Stored entries »

□ □ □

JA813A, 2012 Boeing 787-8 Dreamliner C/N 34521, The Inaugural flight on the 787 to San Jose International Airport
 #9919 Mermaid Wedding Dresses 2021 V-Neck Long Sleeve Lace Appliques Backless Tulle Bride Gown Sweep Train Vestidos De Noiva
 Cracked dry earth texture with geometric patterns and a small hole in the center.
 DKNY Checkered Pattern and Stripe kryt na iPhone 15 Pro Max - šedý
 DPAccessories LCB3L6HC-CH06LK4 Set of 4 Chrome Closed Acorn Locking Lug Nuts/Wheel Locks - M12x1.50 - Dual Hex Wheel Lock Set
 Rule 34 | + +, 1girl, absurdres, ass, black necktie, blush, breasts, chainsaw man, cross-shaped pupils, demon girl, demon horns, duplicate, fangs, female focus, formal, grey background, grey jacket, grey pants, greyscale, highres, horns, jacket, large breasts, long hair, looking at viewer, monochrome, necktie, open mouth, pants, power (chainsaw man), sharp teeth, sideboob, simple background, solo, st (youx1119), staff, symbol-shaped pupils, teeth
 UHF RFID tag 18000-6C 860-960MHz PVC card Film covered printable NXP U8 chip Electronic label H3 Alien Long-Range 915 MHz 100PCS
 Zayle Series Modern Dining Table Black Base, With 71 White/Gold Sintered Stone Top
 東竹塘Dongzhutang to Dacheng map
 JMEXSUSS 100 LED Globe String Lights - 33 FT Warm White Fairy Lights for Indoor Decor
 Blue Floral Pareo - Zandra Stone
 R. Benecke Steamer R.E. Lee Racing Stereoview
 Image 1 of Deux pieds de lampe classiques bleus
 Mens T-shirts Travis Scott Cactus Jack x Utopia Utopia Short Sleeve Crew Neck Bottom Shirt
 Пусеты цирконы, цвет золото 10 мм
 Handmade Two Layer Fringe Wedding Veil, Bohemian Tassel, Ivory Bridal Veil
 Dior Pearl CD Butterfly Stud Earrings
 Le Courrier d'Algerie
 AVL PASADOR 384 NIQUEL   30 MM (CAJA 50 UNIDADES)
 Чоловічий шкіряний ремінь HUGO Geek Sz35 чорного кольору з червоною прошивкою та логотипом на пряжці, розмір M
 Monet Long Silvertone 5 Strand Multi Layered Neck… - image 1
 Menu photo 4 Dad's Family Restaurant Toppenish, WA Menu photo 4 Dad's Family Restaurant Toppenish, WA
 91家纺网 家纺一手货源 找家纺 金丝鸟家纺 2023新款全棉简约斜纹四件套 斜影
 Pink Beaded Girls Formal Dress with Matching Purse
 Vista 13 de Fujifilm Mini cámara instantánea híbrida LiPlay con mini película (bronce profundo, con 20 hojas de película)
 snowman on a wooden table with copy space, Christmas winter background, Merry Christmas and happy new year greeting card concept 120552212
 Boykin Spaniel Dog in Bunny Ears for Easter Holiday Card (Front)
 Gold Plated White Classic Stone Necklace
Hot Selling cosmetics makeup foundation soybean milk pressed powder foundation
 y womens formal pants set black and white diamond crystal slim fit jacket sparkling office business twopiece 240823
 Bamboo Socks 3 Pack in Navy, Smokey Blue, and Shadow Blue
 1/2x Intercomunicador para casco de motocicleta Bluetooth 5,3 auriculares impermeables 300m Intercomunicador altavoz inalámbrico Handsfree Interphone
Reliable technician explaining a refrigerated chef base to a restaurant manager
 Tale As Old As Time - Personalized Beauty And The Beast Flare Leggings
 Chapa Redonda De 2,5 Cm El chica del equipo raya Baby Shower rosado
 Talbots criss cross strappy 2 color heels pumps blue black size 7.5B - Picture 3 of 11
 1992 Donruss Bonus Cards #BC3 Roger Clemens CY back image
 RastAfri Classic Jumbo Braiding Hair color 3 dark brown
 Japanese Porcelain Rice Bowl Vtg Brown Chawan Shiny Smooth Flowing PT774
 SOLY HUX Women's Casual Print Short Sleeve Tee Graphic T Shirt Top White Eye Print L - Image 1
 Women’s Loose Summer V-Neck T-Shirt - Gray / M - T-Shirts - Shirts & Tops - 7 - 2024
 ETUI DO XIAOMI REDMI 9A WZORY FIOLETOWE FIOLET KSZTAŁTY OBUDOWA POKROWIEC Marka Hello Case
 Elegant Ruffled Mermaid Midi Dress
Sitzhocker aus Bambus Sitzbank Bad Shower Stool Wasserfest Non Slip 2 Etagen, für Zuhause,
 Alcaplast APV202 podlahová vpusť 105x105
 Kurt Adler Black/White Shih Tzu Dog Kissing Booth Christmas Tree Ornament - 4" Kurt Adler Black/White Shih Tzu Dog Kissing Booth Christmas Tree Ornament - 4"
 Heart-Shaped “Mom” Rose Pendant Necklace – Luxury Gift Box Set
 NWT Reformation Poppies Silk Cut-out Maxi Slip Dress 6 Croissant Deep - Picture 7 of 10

□ □ □

Exercise » Select all lines with the word "Slip" from the entries above.

Answer for this exercise »
Sitzhocker aus Bambus Sitzbank Bad Shower Stool Wasserfest Non Slip 2 Etagen, für Zuhause,
 NWT Reformation Poppies Silk Cut-out Maxi Slip Dress 6 Croissant Deep - Picture 7 of 10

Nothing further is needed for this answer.